Elliot had rigged a simple rope pull to the cradle so that every time Scout fussed, Joe could rock her without getting up, but Joe didn't dare send her back off to sleep because she'd been under so long after her cry. “Do you know she was the number one reason I agreed to a poly relationship this time?” Joe felt a cinch in her heart about Elliot and Scotia. “So all the shenanigans would be above board. I'd know. Every goddamned time my spouse fucked someone else, I'd know all about it. Because of Dree, really.”

“And how's that working out?” asked Linda.

Joe laughed. Scout started to cry, and Joe's breasts let down in response. “Up, you know, and then it plummets, pretty fucking far some weeks. Like, really, this week. I guess I thought she'd change, you know, with the baby, but she's been drifting lately, and we're, I don't know, estranged?”

“Fuck,” said Linda.

“Although thinking about Dree certainly makes me glad
for what I have now.” Joe had once become Dree's frog in the boiling pot of water. Now was she Elliot's?

Joe sent out texts to Elliot, knowing most of them would bounce back due to bad connectivity, but hoping something might get through.

Once Scout was suckling, Joe telling her to
open wide, guppy-latch
, pulling her firmly to the boob, all she could think about was Dree and what a strange, deranged woman she'd been, and how Joe had loved her to pieces even so, and how she was shattered, and shattered that she was shattered. The kinds of things Dree had done were straight out of the personality disorder checklists: shallow emotions, situational morality, entitlement, lack of sense of self, but back in those days she hadn't understood that. She'd stood up for herself that once, about the mail, and then never again because never again had Dree made such a transparent blunder. She embarrassed Joe in Nanaimo, stealing, creating divisions between Joe and people she'd never even met, between Joe and her friends. She screwed up special occasions, started scenes in restaurants and parks.

Those were bad old days.

Joe had still been shaky from Dree when she got together with sane, ordinary Elliot. All Elliot—smart, accomplished Elliot—had ever wanted to do was be able to sleep with other women, and she didn't want to lie about it or go behind Joe's back. She hadn't manipulated Joe. She hadn't lied, she hadn't stolen. If she was sometimes self-absorbed, if she wasn't as
romantic as Joe might want, if she wasn't attentive, Joe would take that any day over what had happened with crazy Dree.
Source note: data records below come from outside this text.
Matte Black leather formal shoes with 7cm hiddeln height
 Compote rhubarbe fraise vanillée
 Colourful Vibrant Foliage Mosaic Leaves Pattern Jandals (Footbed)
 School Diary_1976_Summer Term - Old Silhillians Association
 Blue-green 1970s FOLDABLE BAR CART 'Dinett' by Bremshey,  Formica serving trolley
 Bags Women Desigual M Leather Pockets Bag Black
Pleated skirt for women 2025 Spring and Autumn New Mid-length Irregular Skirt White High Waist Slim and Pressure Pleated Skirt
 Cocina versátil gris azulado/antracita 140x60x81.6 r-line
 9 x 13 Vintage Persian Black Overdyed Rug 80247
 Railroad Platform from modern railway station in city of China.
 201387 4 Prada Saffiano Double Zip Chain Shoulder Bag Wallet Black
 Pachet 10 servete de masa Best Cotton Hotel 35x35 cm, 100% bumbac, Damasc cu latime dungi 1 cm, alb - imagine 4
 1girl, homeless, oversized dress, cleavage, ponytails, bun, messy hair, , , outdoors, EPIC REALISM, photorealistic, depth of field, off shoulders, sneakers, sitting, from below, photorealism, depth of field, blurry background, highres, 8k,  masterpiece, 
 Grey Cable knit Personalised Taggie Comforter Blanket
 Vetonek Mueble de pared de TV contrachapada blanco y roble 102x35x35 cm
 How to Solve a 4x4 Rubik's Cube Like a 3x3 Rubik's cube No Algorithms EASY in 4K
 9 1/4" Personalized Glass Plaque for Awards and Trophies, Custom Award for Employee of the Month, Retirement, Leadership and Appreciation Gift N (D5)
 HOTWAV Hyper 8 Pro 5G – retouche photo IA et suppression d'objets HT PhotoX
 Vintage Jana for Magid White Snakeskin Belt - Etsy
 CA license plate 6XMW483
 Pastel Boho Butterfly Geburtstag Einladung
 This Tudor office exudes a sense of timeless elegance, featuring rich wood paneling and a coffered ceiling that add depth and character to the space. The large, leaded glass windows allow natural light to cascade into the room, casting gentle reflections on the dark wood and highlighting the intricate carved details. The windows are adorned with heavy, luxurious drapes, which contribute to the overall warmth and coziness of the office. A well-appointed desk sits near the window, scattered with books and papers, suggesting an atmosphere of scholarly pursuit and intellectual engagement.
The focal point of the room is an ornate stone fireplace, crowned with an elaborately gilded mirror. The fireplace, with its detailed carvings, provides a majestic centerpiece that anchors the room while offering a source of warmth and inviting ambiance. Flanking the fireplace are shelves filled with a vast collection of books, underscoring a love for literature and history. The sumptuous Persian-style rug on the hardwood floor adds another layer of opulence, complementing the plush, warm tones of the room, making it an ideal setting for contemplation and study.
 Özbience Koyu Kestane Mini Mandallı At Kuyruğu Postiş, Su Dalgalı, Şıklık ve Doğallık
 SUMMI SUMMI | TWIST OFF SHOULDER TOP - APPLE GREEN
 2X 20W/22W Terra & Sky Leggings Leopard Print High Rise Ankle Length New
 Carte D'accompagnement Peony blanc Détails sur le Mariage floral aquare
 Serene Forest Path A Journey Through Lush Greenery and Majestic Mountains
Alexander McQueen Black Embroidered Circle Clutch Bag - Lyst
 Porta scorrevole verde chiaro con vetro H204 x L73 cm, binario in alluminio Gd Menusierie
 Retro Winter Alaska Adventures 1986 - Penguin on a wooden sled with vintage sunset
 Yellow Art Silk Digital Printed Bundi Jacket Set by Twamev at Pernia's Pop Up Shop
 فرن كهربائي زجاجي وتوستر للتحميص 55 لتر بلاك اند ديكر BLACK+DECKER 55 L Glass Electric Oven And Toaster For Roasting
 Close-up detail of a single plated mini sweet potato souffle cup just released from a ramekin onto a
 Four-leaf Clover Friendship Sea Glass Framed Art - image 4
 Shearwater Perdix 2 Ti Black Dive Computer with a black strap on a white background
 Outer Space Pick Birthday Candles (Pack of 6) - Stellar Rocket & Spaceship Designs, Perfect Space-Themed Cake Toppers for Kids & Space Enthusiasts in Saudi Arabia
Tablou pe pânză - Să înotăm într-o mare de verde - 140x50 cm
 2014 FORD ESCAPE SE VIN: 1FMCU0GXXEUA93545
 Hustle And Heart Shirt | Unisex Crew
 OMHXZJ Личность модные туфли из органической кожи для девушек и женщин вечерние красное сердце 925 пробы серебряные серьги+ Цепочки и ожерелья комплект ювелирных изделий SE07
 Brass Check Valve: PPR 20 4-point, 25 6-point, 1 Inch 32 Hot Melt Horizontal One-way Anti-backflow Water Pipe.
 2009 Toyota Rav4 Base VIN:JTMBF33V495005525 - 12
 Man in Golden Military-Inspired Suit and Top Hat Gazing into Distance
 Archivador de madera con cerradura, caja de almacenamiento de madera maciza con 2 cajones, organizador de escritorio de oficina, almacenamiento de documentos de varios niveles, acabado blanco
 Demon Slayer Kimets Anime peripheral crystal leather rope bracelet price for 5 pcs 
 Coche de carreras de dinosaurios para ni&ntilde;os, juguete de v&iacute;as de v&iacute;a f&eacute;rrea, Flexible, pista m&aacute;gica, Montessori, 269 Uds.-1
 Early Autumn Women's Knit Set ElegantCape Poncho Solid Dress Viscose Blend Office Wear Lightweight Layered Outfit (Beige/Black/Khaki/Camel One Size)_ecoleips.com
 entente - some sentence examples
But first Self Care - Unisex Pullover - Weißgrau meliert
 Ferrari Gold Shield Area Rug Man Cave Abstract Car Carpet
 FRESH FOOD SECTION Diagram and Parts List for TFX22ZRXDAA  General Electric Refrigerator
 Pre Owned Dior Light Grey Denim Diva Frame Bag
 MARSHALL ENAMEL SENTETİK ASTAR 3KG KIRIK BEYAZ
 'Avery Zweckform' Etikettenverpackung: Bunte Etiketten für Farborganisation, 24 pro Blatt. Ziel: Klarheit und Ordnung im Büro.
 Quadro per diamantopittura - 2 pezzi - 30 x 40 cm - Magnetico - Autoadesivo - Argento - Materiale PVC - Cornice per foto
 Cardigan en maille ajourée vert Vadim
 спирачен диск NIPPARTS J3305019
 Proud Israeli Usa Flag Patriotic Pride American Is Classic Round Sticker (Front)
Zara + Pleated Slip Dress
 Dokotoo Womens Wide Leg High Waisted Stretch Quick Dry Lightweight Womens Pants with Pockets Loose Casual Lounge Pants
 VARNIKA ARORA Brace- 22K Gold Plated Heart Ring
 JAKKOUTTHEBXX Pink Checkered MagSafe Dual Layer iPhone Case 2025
Dree, who'd finally hit a tree.

       
AJAX

“Part of what I love about you, Ajax, is that you were raised in the Bahamas.”

Woof!
said Toby, shaking himself. Logan rose to let him out.

“Only until I was twelve.” At the table, pushing around a maple syrup bottle.

“Still. It's more European than Canada is, surely.” Their thumbs in their short pockets.

Ajax stuck her finger in a pool of syrup, licked it absent-mindedly. “That wasn't my experience, really, Logan.” She'd grown up poor and scrabbling. Her parents had worked for a dive resort and had emigrated because life in the Bahamas was dead-end. Nowhere to go but sideways and eventually into old age. Ajax's grandmother had sponsored their move to Canada. They'd landed in a Toronto blizzard, and that had been difficult, the few months shivering through winter while her parents bickered (her mother was glad to be back, but Ajax and her father couldn't handle the cold in the land or the people)—but carrying on to Vancouver hadn't made it much better. Warmer, with beaches both familiar and strange—same water, more or less, but cold and mountain-backed, and the weather was no great shakes. Her parents had edged her away from painting, wanted her to become a professional—a doctor, a dentist—but she'd stubbornly attended Emily Carr and earned a certificate that lead to … well, they'd been right: it hadn't led to much. A hand-to-mouth life as a portrait painter. She and Logan, no matter the laboured
parallels Logan wanted to draw, were not from the same side of the tracks. Logan's mother had taught at universities—in South Africa, in Paris, in Montreal, in Toronto. Logan's dad had been a CEO for a gold-extraction company. Logan didn't have a clue about class stratification. Saying,
You won't have to worry about anything if you're with me
, which they had said a hundred times, was baloney, a sentiment rather than a fact. She'd learned her lesson about getting too dependent with her ex.

“But it's a Commonwealth country.”

“So is Canada, Logan.” Ajax was annoyed; was Logan looking for her to be something she wasn't? Educated? White, maybe? The curtains lifted in the same breeze that had been captivating the night before. There was something so achingly summery about them—about everything here—that Ajax could almost close her eyes and imagine herself back in the Bahamas. And right now it irritated her.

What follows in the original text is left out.